そんな時代を経て、今やネットの普及やLCCの台頭によって、海外旅行はさらに身近なものになった一方で、一世一代の派手な結婚式や新婚旅行は、とんと少なくなりました。特に2010年代以降は、「羽田」が国際ハブ空港として再整備されたことで、「成田」の印象や趣も大きく変わりました。

 依然として成田空港は、コロナ禍前には年間4400万人の利用者を誇った日本最大の「国際空港」です。しかし、「成田離婚」という言葉の情緒を、今の若者に理解しろと言っても無理でしょう。

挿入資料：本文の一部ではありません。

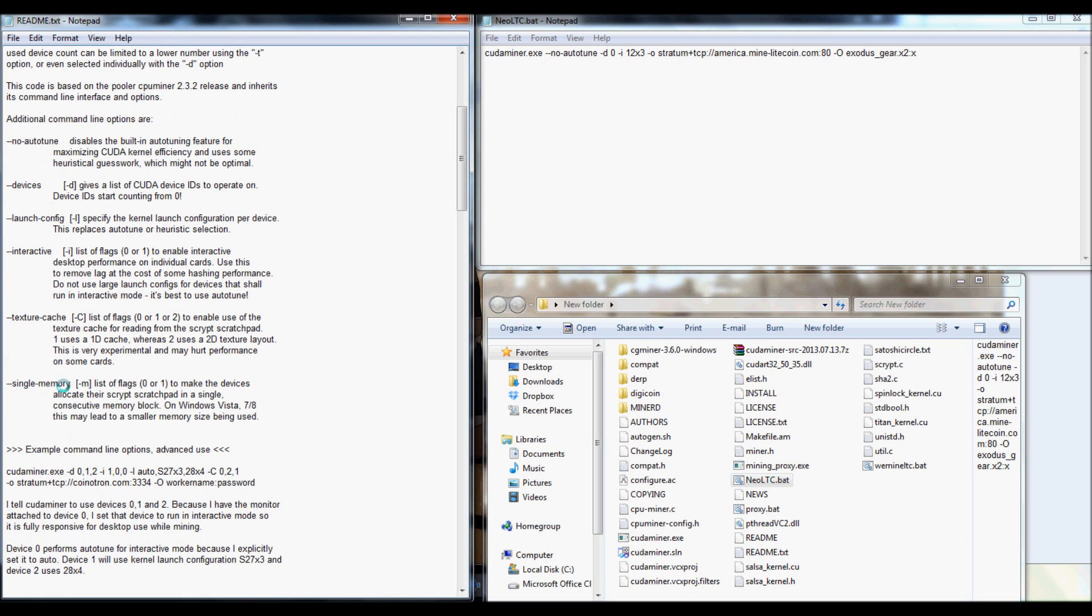Then there's the single memory. And this actually kind of helps with Windows Vista a little bit. It reduces the memory size, if I'm not mistaken.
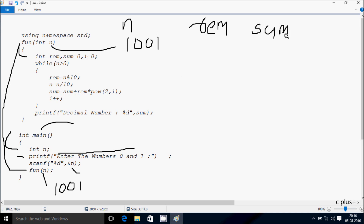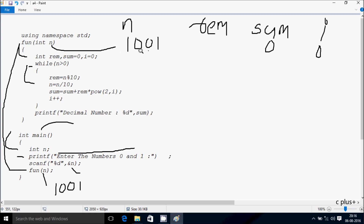So sum is initialized to 0 and i value is also initialized to 0. So check the condition while n greater than 0, so 1001 greater than 0, condition is true, that coincides. So at here rim equals n mod 10, so n value is now 1001, last digit is 1, so remainder comes 1, so rim is now 1. Hereafter n equals n divided by 10, so it divides by 10, so n becomes 100.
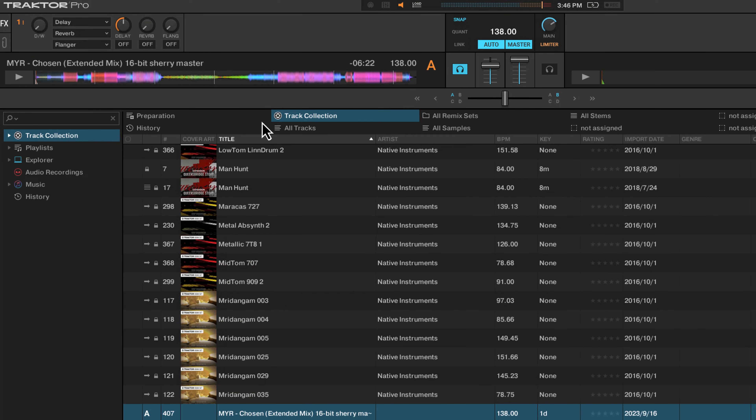Hey everyone, welcome back to Intro to DJing. In this video, I'm going to show you how to set beat grids in Traktor Pro.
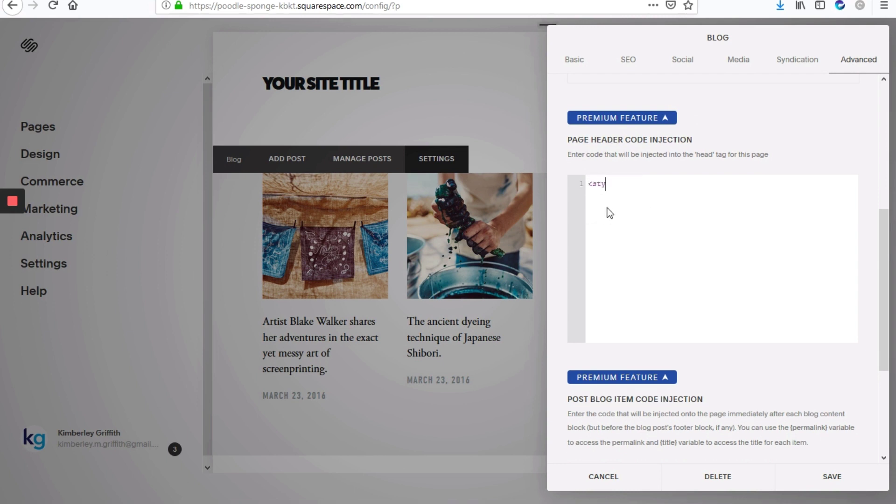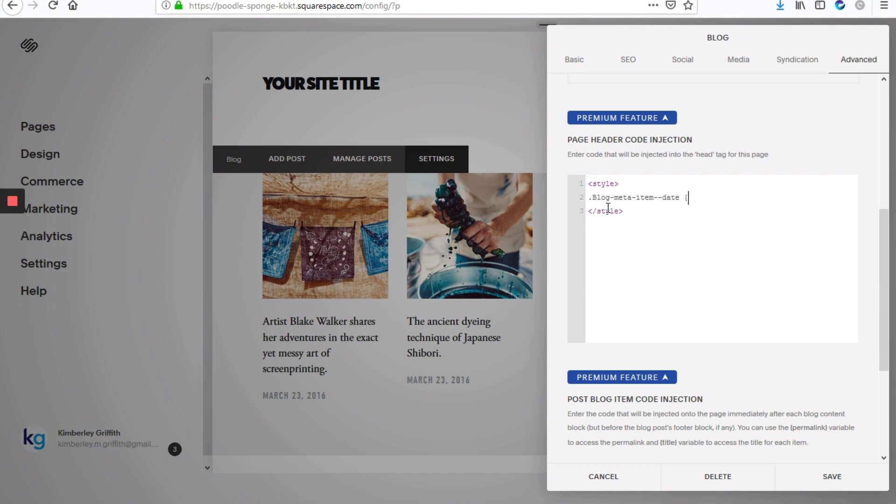So we're going to start with our style open and closing tags. And then between that, we're going to type dot blog dash meta dash item, then two dashes, date, and then we'll add our opening and closing curly braces.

 そもそも当時はまだ、「離婚」の二文字にはとてつもない大ごと感が漂っていましたが、今や日本人の離婚に対するハードルは、欧米並みに低くなりつつあります。むしろこれは、自由で多様性を望む現代社会において、歓迎されるべき変容です。ところがどうしたものか、離婚率が上がれば上がるほど、離婚を論う世間の声はどんどんネガティブで陰湿になっているように感じるのは私だけでしょうか。

 確かに、個人の選択肢が多様化すれば、昔ながらの保守的かつ封建的な価値観や精神が揺り戻しのように復権するのは世の常です。だとしても、「結婚」というシステム(制度)に、古臭い夢や希望や道徳を押し付けるのは、いつも本人ではなく「他人」そして「世間」なのだなぁと、改めて痛感させられる今日この頃です。

 まあ、だからこそシステムとして社会に守られているのかもしれませんが、私は「成田離婚」くらいの方が、傍観者的にも洒落が利いていて好きです。